С московской археологией связала себя только Тамара Владимировна Равдина (1919–1991) – старшина первой статьи Ладожской военной флотилии и Рижского укрепленного района. За годы войны она выходила сотни раненых. Став сотрудником Института археологии Академии наук СССР, в 1975 году Т. А. Равдина защитила кандидатскую диссертацию о курганах вятичей, где пересмотрела некоторые выводы, сделанные полвека назад в книге Арциховского.[312]
Раскопки последнего Беседского кургана близились к концу. Артемий Владимирович явно скучал. Какой по счету был этот курган в его жизни? Сотый? Двухсотый? Профессор заранее знал, что и где там может лежать. Чтобы мы не слишком разочаровались, он предупреждал нас, что захоронение может оказаться мужским и не даст ничего, кроме «голого костяка». Но погребение было женским с типичными семилопастными височными кольцами и сердоликовыми бусами. Арциховский взглянул на него мельком, полностью доверяя своим ученикам, составлявшим чертежи и описания, фотографировавшим могилу, бережно паковавшим находки.

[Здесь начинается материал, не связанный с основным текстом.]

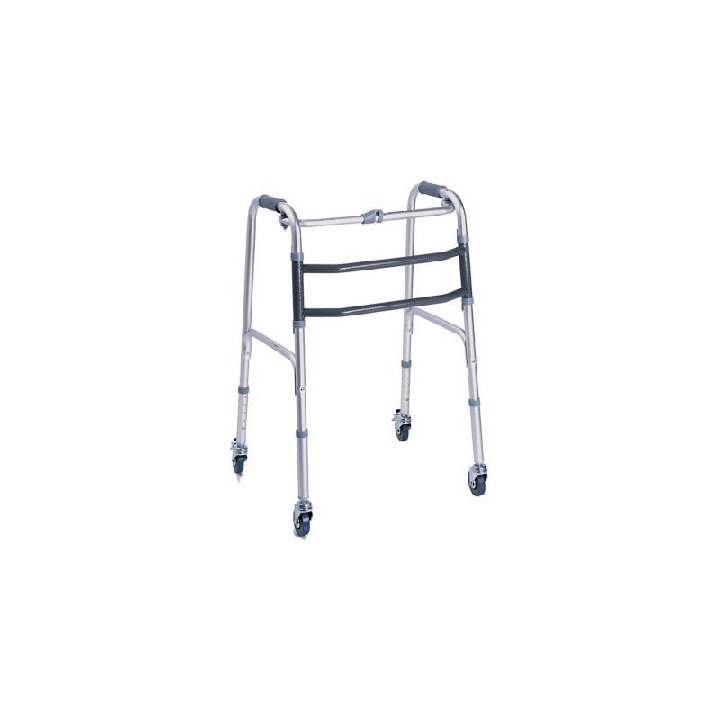 Andador plegable de 4 ruedas giratorias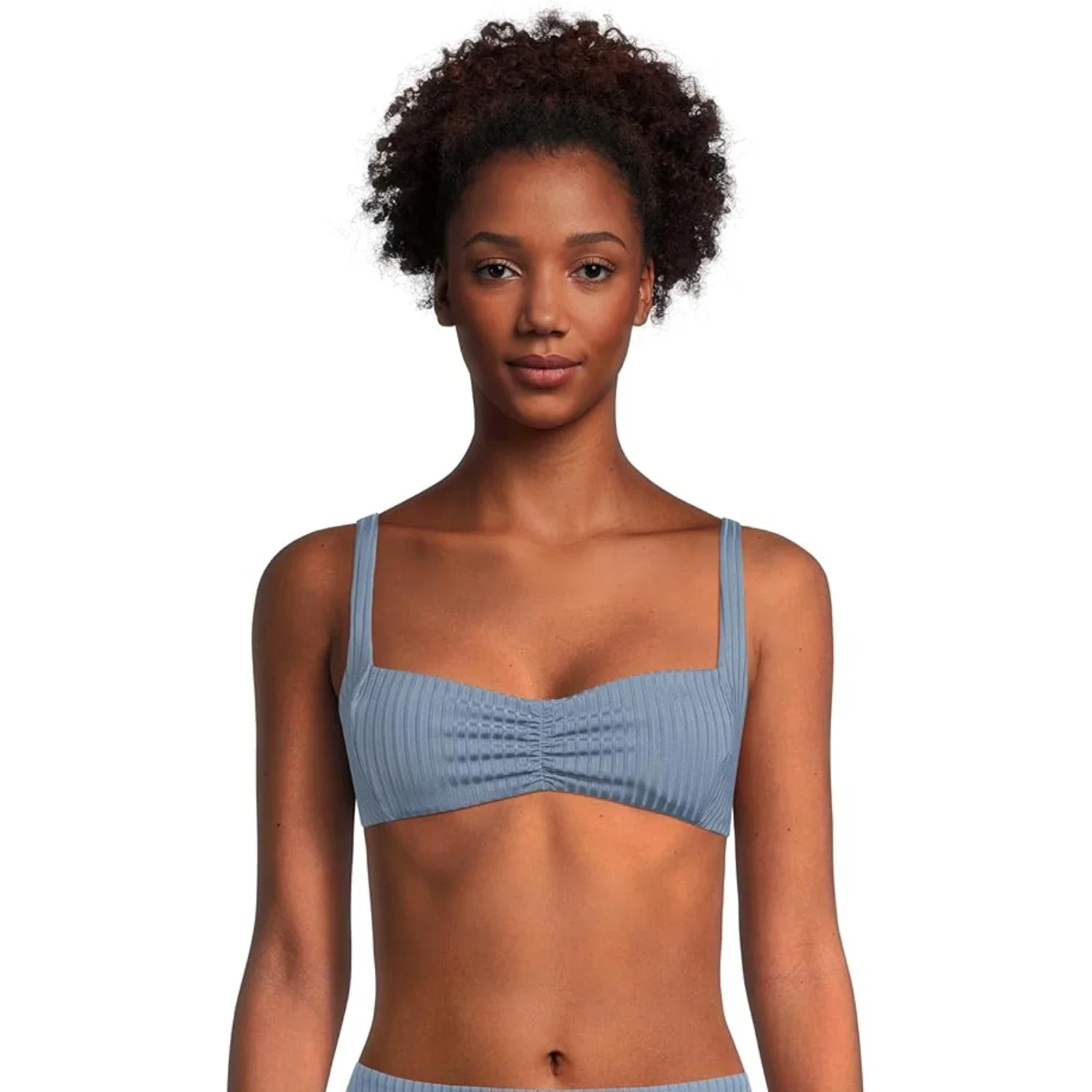 LSPACE Effie E0EFT25 Bikini Top Womens Baltic Gray Ribbed Swimwear JZZ678 - Image 4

Он часто уходил на берег Москвы-реки, любуясь с разных точек замечательным шатровым храмом села Беседы, построенным в 1590-х годах (Артемий Владимирович был тонким ценителем старой архитектуры, в особенности русской).
Чувствовалось, что для автора «Курганов вятичей» археология Московского края – тема, оставшаяся далеко позади. Впереди были широкие раскопки в Новгороде, открытие нового вида исторических источников – берестяных грамот, поездки с докладами об этом в разные страны мира, избрание членом-корреспондентом Академии наук, награждение Государственной премией… О проблемах, волновавших ученого в первую половину жизни, можно было не беспокоиться. Современные представления об археологии Москвы и Подмосковья Арциховский уже создал, а развивать их будет следующее поколение археологов.